3D QSAR Model: Builder
Category Paths
Follow one of these paths in the Orion user interface, to find the floe.
Models
Description
The 3D QSAR Model: Builder Floe is a tool for building models with 3D descriptors in a structure-based setting. The floe incorporates: (1) optional 3D conformer generation and charge assignment; (2) hyperparameter optimization for ROCS- and EON-based kernel-PLS model building; (3) cross-validation; (4) model building; and (5) optional external validation.
A set of individual 3D models are available for the user to choose from: ROCS-kPLS, EON-kPLS, ROCS-GPR, EON-GPR, ROCS-GPR-NO-2D, and EON-GPR-NO-2D. The floe builds the first four under default setting, along with a 2D-GPR model as the baseline model. Prediction from the consensus/COMBO model is taken as weighted average from all models built with their respective prediction confidence as weight. By default, the 2D-GPR model is included. User can choose to exclude 2D-GPR by turning Include 2D in COMBO OFF.
Building models using this floe requires a dataset of molecules along with their potency with an optional tagged external validation set. The user can choose to use pre-aligned input 3D conformer for a molecule as is by turning Use Input 3D ON. In the case where a molecule is 2D, the floe will attempt to generate 3D confomer for it using: 1. POSIT if reference Design Unit(s) is provided; 2. FlexiROCS if reference molecule(s) is provided. A recommended way to obtain pre-aligned reference molecules is to extract the bound ligands from Design Units prepared by Spruce.
Outputs from this floe contain: (1) a model dataset; (2) a training set conformer dataset used for model building (optional); and (3) an external validation dataset (optional). The output model dataset stores the reference Design Unit(s) or molecules provided, which will be read in the 3D QSAR Model: Validation and 3D QSAR Model: Predictor Floes.
The floe also produces hyperparameters optimization, cross-validation, and (optionally) the external validation reports.

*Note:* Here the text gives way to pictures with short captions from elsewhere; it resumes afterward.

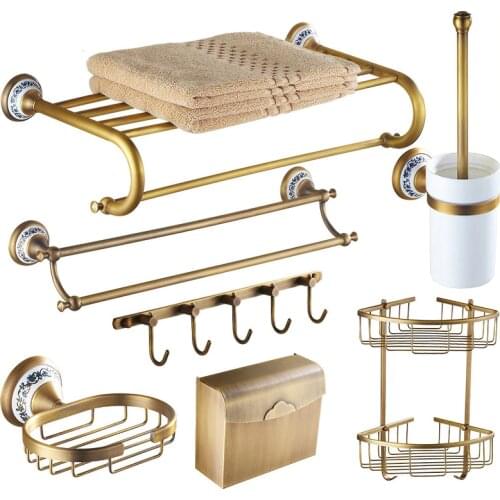 Antique Bathroom Set Accessories Ceramics Brass Bathroom Hardware Set Wall Mounted Bathroom Sets Kit Toilet Accessories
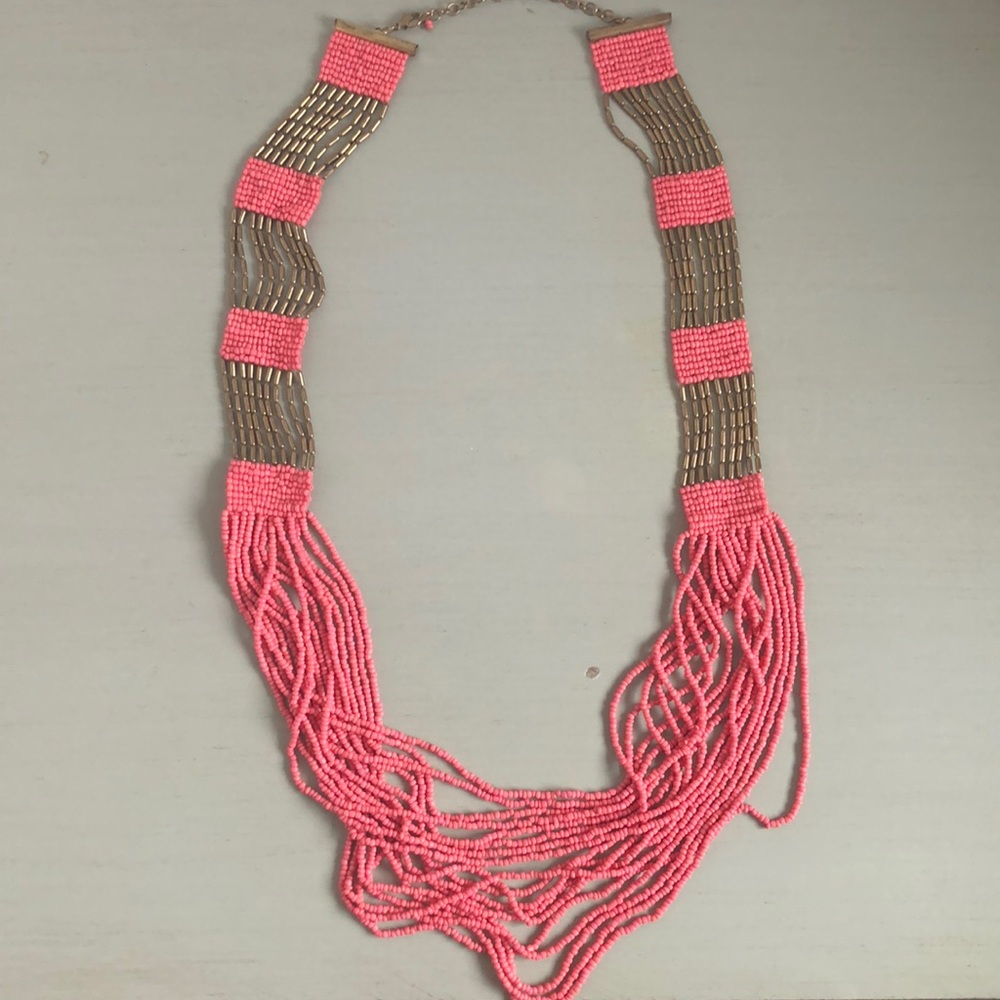 Long Pink & Gold Beaded Necklace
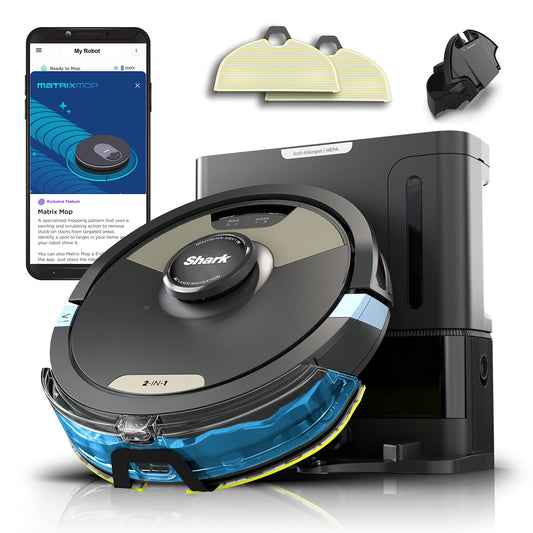 Shark robot vacuum & mop with powerful suction, Matrix Plus, 60-day self-empty HEPA base, sonic mopping, home mapping, AV2610WA.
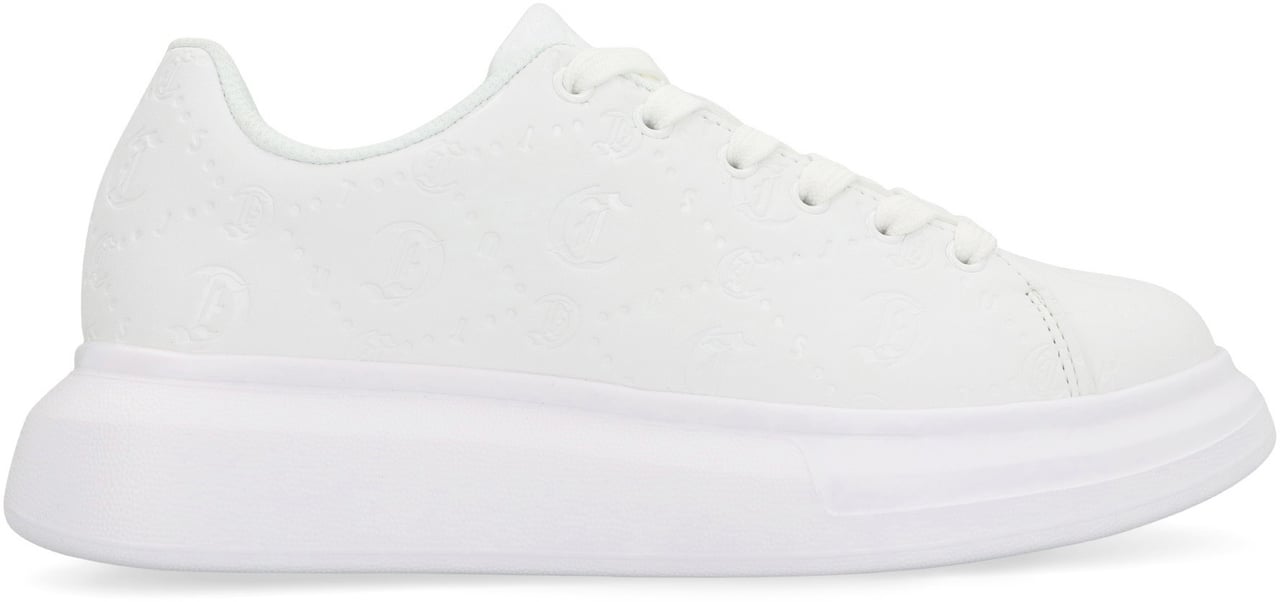 Just Cavalli Leather low-top sneakers Wit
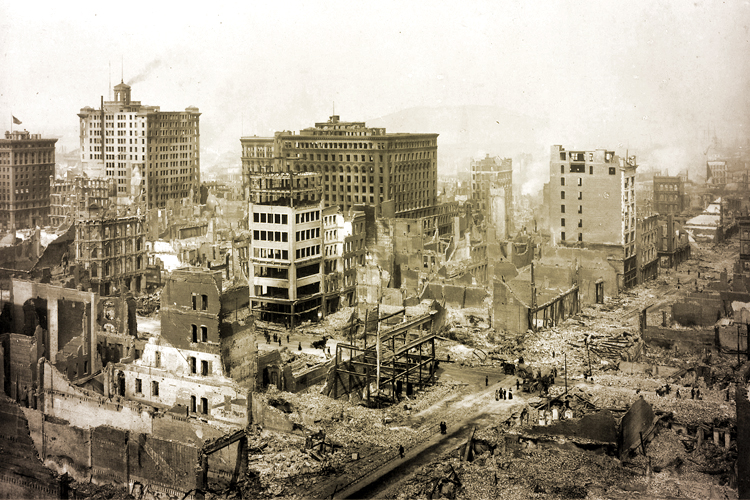 The San Francisco Earthquake of 1906, in the vicinity of Post St. and Grant Ave. (Wikimedia/photo tinting by Salon)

Note: If the size of the training set is relatively large (e.g., greater than 300), consider increasing cube memory under “Cube Memory Parameters” section to avoid cube memory error. An eightfold increase is usually sufficient for a training set up to 1000 molecules.
Promoted Parameters
Title in user interface (promoted name)
Cross Validation Parameters
Split Method (split_method): Way to split the dataset into training and validation set
Type: string
Default: random
Choices: [‘random’, ‘leave one out’]
Percentage (Random Split) (percentage): The percentage of records used for training in random split
Type: decimal
Default: 90.0
Number of Split Sets (Random Split) (num_random_set): Number of times the random split to perform
Type: integer
Default: 50
External Validation Parameters
Do External Validation (do_ext_valid): Whether to do external validation. If true, floe will look for specified tag field with specified tag value to identify external validation set.
Type: boolean
Default: False
Choices: [True, False]
External Validation Tag Field (in_test_tag_field): Field containing tag for external validation set
Type: field_parameter::int
Default: External validation tag
External Validation Set Tag Value (test_tag_value): Value of tag field for external validation set
Type: integer
Default: 1
Inputs
Ligand Database (in): Dataset containing the ligand molecules to process.
Required
Type: data_source
Receptors/Reference Molecules (receptors): Dataset containing pre-aligned receptors/reference molecules.
Type: data_source
Outputs
Output Model Dataset (out): Output dataset containing built models and receptors/reference molecules.
Required
Type: dataset_out
Default: Output for 3D QSAR Model: Builder
Failed Dataset (failed): Output dataset of failed calculations.
Required
Type: dataset_out
Default: Failed Output for 3D QSAR Model: Builder
Training Conformer Output Dataset (train_pose_out): Optional output dataset containing training set conformers if Output Training Conformers is On.
Required
Type: dataset_out
Default: Training Conformer Output
External Validation Output Dataset (ext_valid_out): Optional output dataset containing external validation results if Do External Validation is On.
Required
Type: dataset_out
Default: External Validation Output
Model Parameters
Selected 3D Models (model_3D): Selected 3D models to build.
Type: string
Default: [‘ROCS-GPR’, ‘EON-GPR’, ‘ROCS-KPLS’, ‘EON-KPLS’]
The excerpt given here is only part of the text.